Over the past decades, the 1985 discovery of Titanic’s wreck approximately 3.8 kilometer below the surface of the Atlantic, the two year long search for AF447’s black boxes, and the fruitless search for the wreckage of MH370 despite washed-up remnants have served as stark reminders of just how alien and how hostile the depths of the Earth’s oceans are. Yet with both tourism and mining efforts booming, will we one day conquer the full surface of Earth?
A Watery Grave
For most of human history, the oceans have been treated as essentially inaccessible, almost as if nothing that happens beyond a few hundred meters depth and the cessation of any fish species we might be interested in. Even so, long before the advent of deep-sea exploration, mythology has been rife with stories that in many cases contains at least a grain of truth. Much of these stories revolve around the sperm whale, its fantastical dives to depths of over 2 km and both their stomach contents and scars on their skin that seems to suggest the presence of enormous cephalopods, including the famous kraken that’d rise from the depths to drag entire ships back with it.
It wasn’t until a few hundred years ago that the first attempts were being made to determine the generally presumed to be unfathomable depths of the oceans at various points, along with the species that inhabit these depths. According to an 1843 theory proposed by Edward Forbes – called the Azoic hypothesis – the presence of life would diminish continuously, until the complete cessation of any life at a depth of 300 fathoms (550 meters). This was refuted by Michael Sars in 1850, who found life thriving at a depth of 800 meters, thus confirming papers published by Antoine Risso decades prior on deep-sea catches by fishermen.
Up till that point, deep-sea exploration was performed solely by essentially dragging stuff out of it using nets and similar fishing implements, but this changed when in 1930 William Beebe and Otis Barton were the first to dive to a depth of 435 meters in their Bathysphere: a spherical, pressure-resistant vessel. In 1934 they’d set a new record with a depth of 923 meters, during which dives they observed the life visible just beyond the vessel’s portholes.
Lowered into the ocean by the ship that carried it, this vessel that may have appeared crude at first glance was nevertheless quite refined for the time, with a rudimentary life support system using cylinders of compressed oxygen to replenish the oxygen breathed in by the crew, and pans of soda lime and calcium chloride installed inside to scrub CO2 from the air after it had been exhaled.
The record set by the Bathysphere would remain until 1949 when Barton dove to 1,400 meters with the Benthoscope. At this point the race to develop ever better submersibles was fully on, and bathyscaphes (self-propelled, free-diving submersibles) appeared on the scene by the late 1940s. Being free-diving, these vessels do not require a massively long and heavy cable to winch them into and back out of the water, enabling much deeper dives.
By 1960, the bathyscaphe Trieste – piloted by Jacques Piccard and Don Walsh – reached the deepest known point on Earth’s surface: the Challenger Deep, located within the Mariana Trench of the Pacific Ocean.

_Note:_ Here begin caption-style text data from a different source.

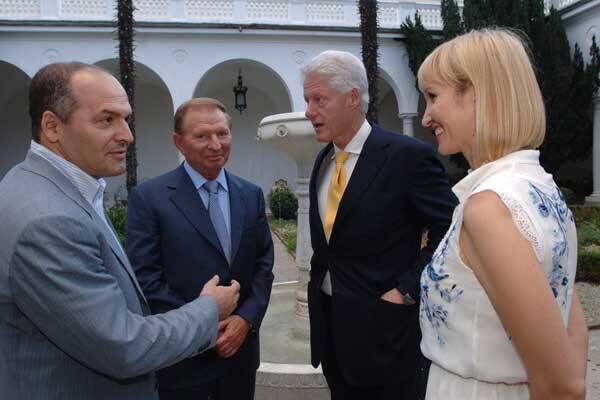 Семья Кучмы финансирует семью Клинтона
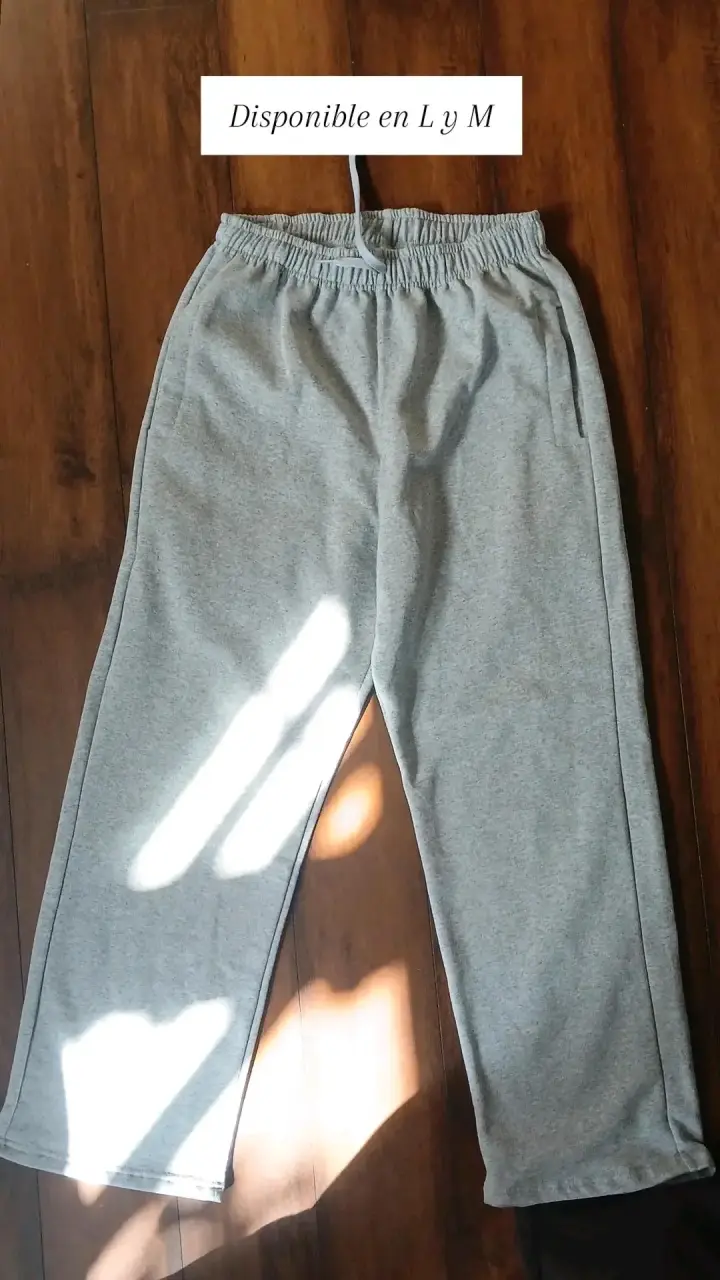 Pantalones deportivos grises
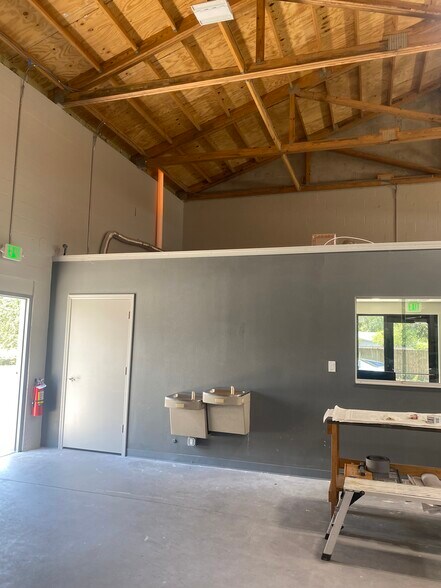 More Photos Of 5235 Mile Stretch Dr, Holiday Industrial For Sale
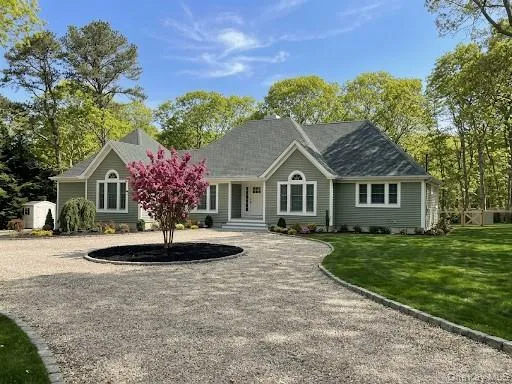 $1,995,000 | 31 Windwood Court, Westhampton, NY 11977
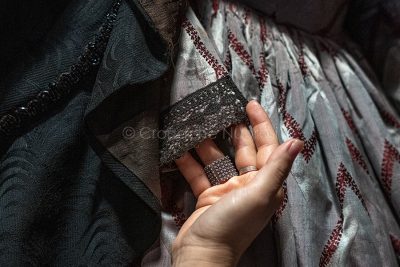 Il dettaglio di uno degli abiti esposti in mostra (foto S.Novellu)
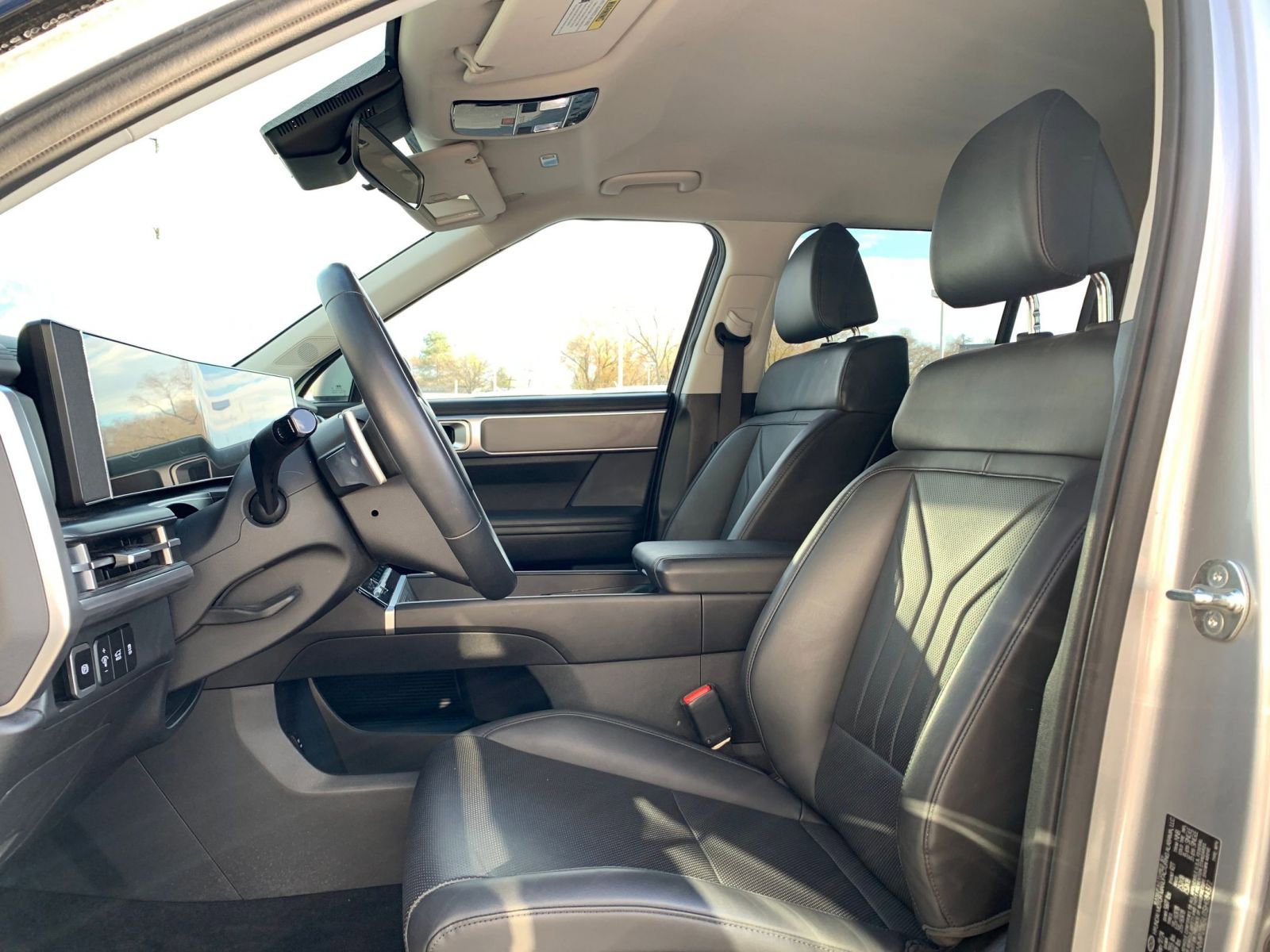 Thumbnail: 2025 Hyundai Santa Fe - 25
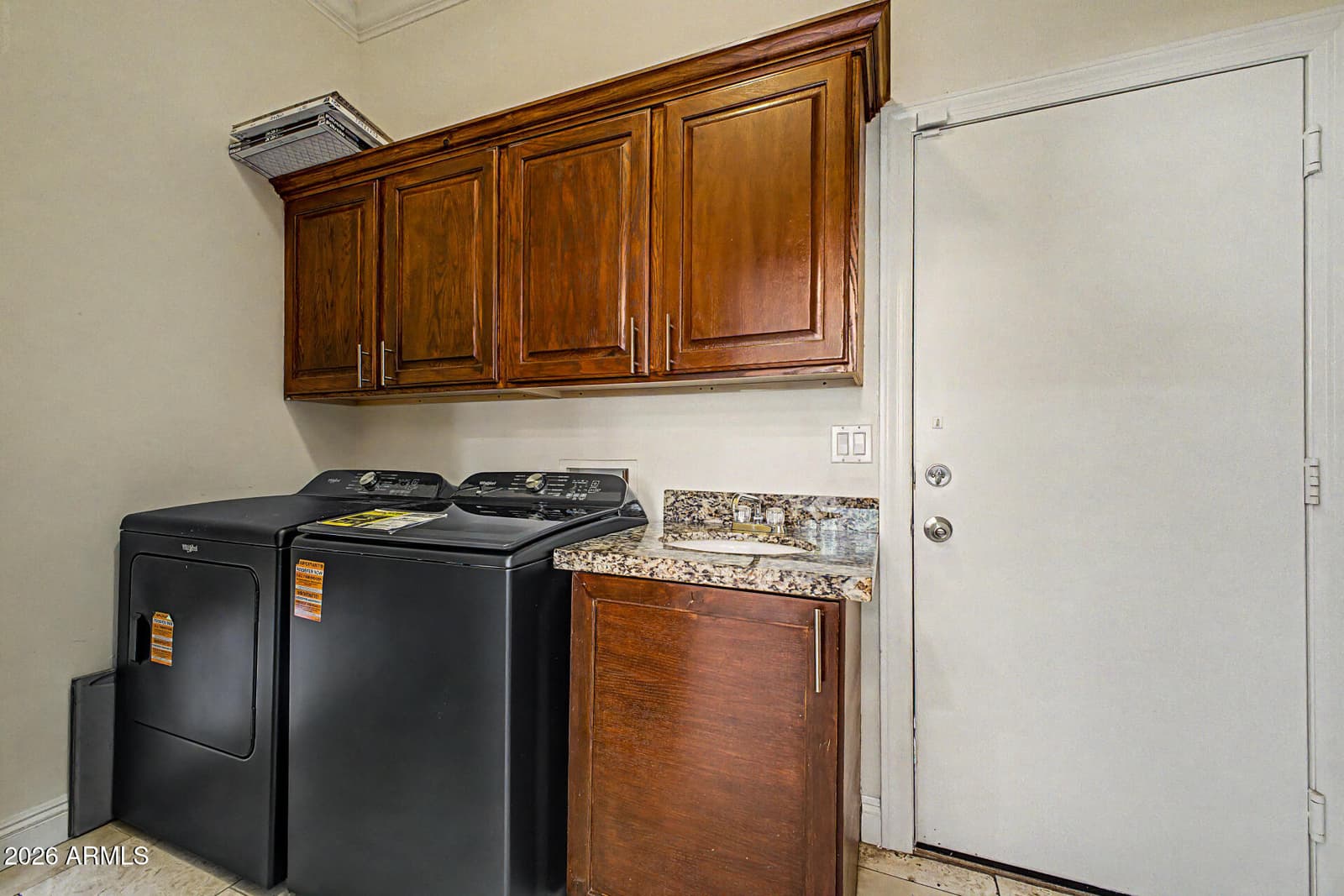 808 W CITRUS Way, Phoenix, AZ 85013 — photo 30 of 35
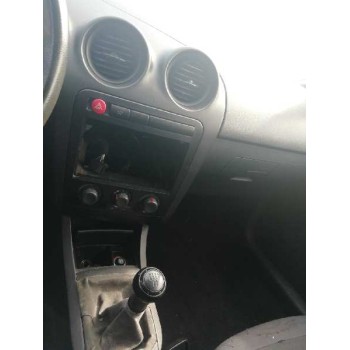 seat ibiza (6l1) del año 2004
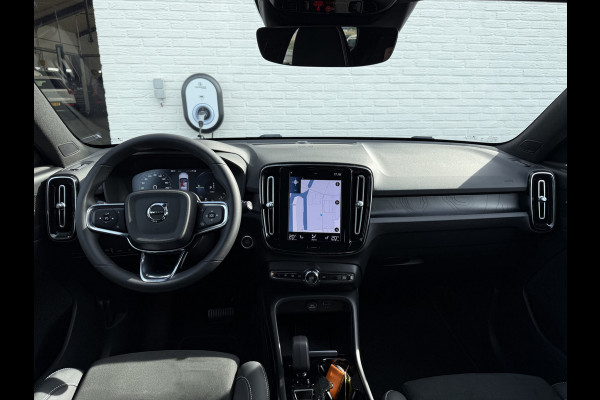 Volvo XC40 1.5 T4 Plug-in hybrid Plus Dark | Pano | Trekhaak | Pilot Assist | 360* Camera | 19 inch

After some refinements to the depth measurements to take the alien conditions into account, it was determined that they had reached a depth of about 10,916 meters. Unexpectedly, both men were still able to communicate with the surface support ship USS Wandank, via the sonar/hydrophone voice communication system. Because of the immense distance, it took about seven seconds for a message to travel between the surface and the floor of the Challenger Deep.
Along with the development of these newer and better submersibles, the mythology surrounding the depths of the ocean evaporated. What the photographs and videos recorded by both manned and unmanned deep-sea exploration vessels showed was a world completely devoid of the light which we as land-dwelling creatures hold for self-evident. In these depths, the electromagnetic radiation from our Sun does not penetrate, leaving everything in complete darkness. Even so, life found a way to create thriving ecosystems in an environment where only oppressive darkness and cold reign.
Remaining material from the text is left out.